From the listing below, reproduce exactly the lines starting with the one with "Lot 333 Rubbermaid" and going on through the one with "Holiday Inn Express", both ends kept. No picture is copied.
*** The data Section Begins ***
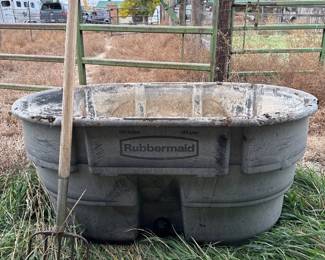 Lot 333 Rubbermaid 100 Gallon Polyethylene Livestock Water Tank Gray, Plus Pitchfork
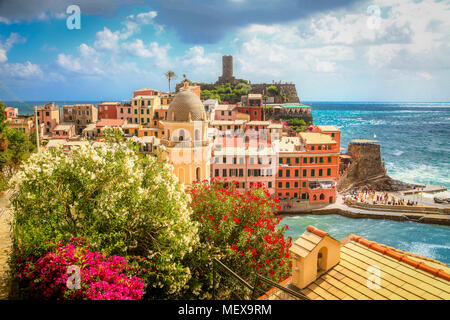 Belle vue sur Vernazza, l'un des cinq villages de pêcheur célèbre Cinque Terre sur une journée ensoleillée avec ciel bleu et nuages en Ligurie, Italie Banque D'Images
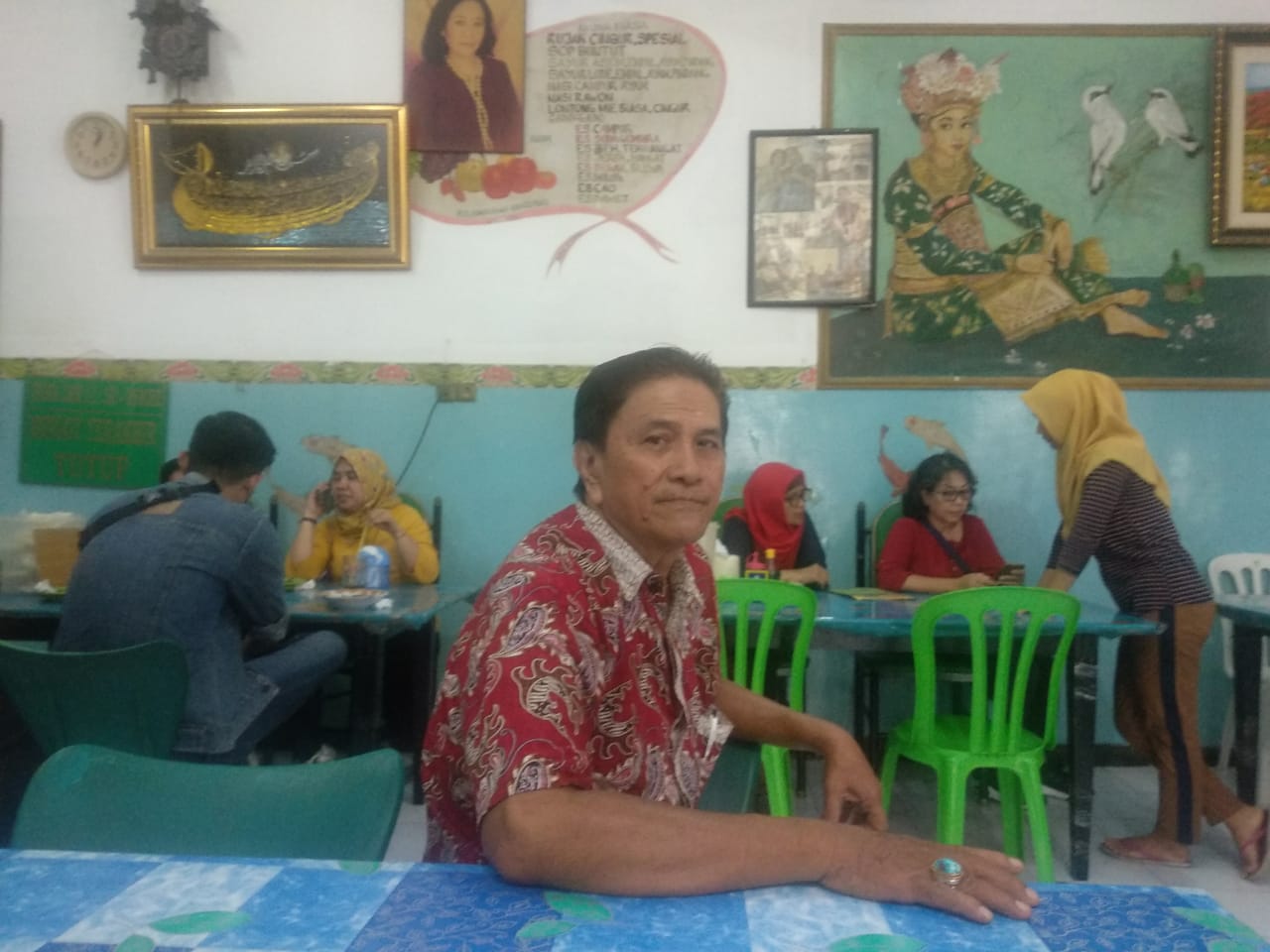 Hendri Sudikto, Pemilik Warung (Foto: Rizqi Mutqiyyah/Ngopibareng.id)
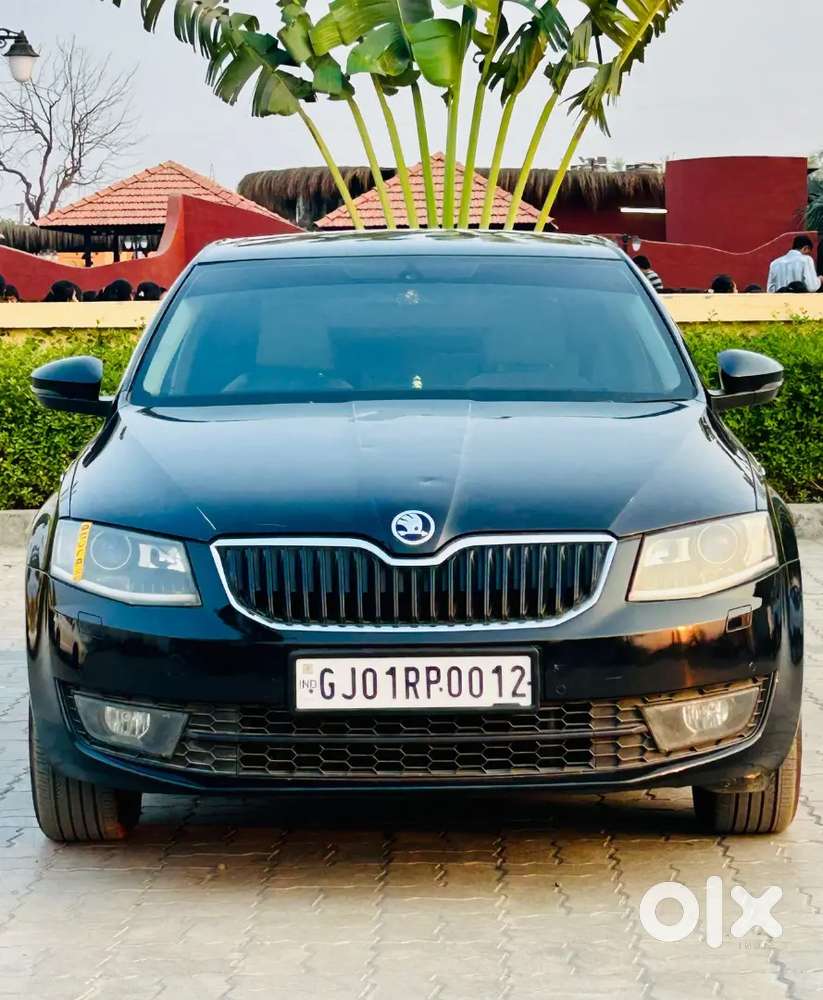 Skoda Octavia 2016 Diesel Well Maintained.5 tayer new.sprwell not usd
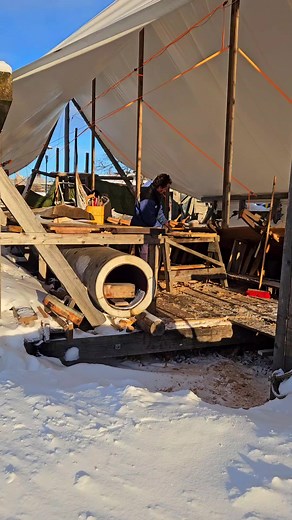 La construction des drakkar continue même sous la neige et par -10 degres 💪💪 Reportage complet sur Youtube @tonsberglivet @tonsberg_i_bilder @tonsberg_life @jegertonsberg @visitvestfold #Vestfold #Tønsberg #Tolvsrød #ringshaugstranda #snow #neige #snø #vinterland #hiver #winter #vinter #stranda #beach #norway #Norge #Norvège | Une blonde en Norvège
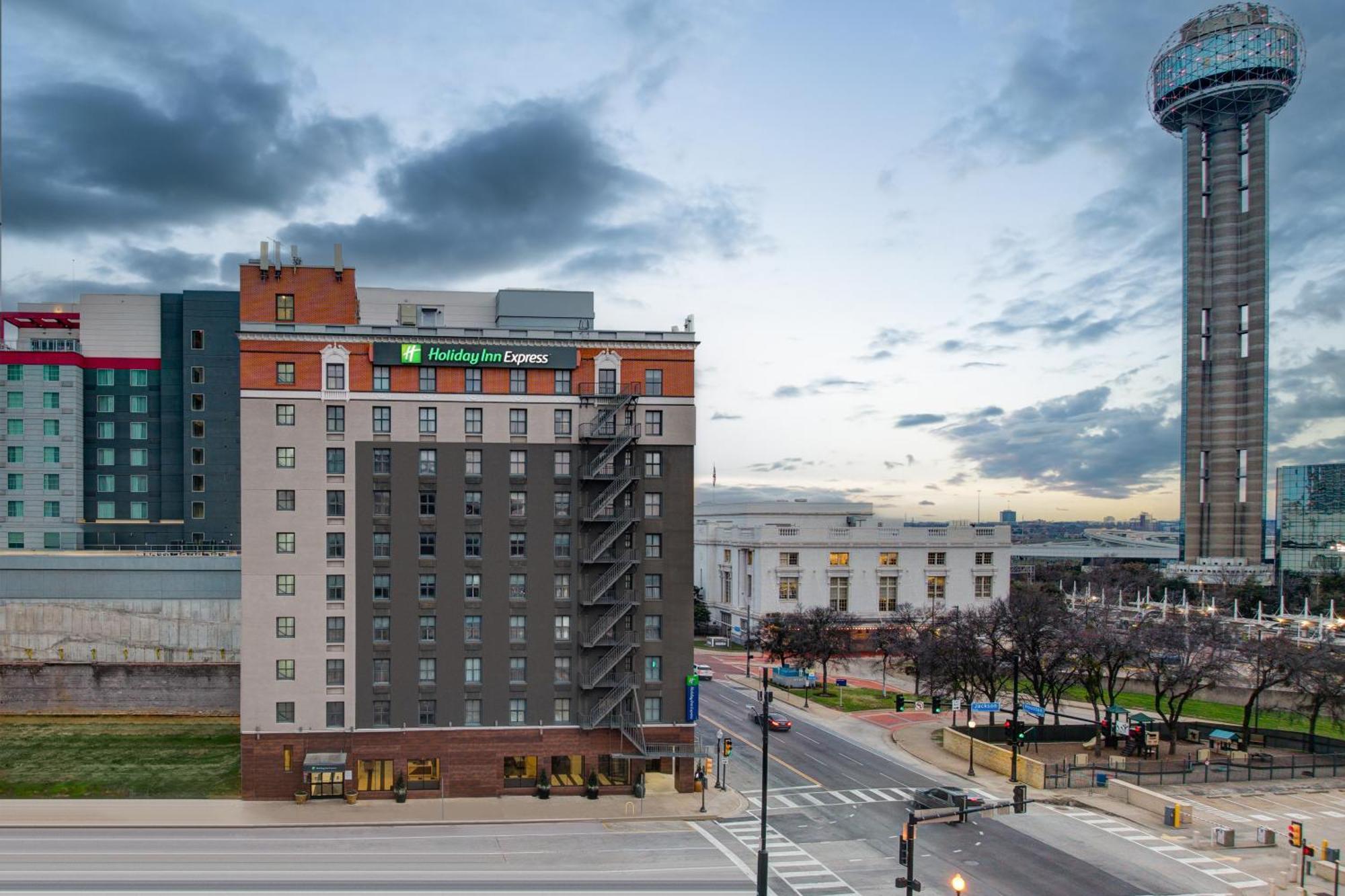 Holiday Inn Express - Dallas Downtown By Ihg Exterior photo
*** The data Section Ends ***
*** The data Section Begins ***
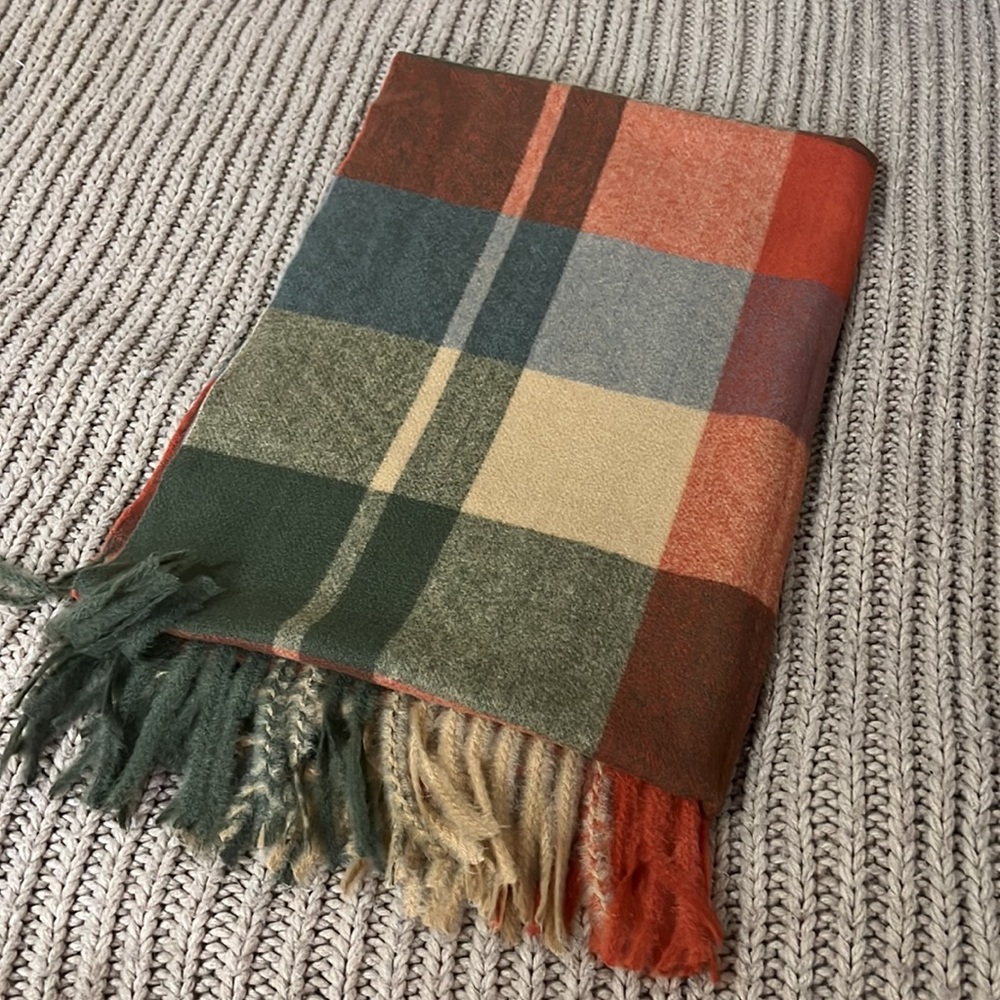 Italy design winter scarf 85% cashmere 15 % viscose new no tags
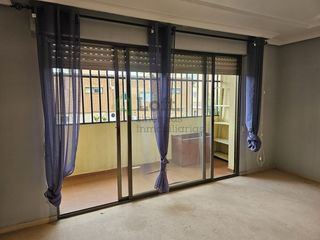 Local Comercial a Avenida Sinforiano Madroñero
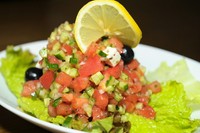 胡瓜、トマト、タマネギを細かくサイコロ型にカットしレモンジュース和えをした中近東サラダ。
*** The data Section Ends ***
[Response below]:
 Lot 333 Rubbermaid 100 Gallon Polyethylene Livestock Water Tank Gray, Plus Pitchfork
 Belle vue sur Vernazza, l'un des cinq villages de pêcheur célèbre Cinque Terre sur une journée ensoleillée avec ciel bleu et nuages en Ligurie, Italie Banque D'Images
 Hendri Sudikto, Pemilik Warung (Foto: Rizqi Mutqiyyah/Ngopibareng.id)
 Skoda Octavia 2016 Diesel Well Maintained.5 tayer new.sprwell not usd
 La construction des drakkar continue même sous la neige et par -10 degres 💪💪 Reportage complet sur Youtube @tonsberglivet @tonsberg_i_bilder @tonsberg_life @jegertonsberg @visitvestfold #Vestfold #Tønsberg #Tolvsrød #ringshaugstranda #snow #neige #snø #vinterland #hiver #winter #vinter #stranda #beach #norway #Norge #Norvège | Une blonde en Norvège
 Holiday Inn Express - Dallas Downtown By Ihg Exterior photo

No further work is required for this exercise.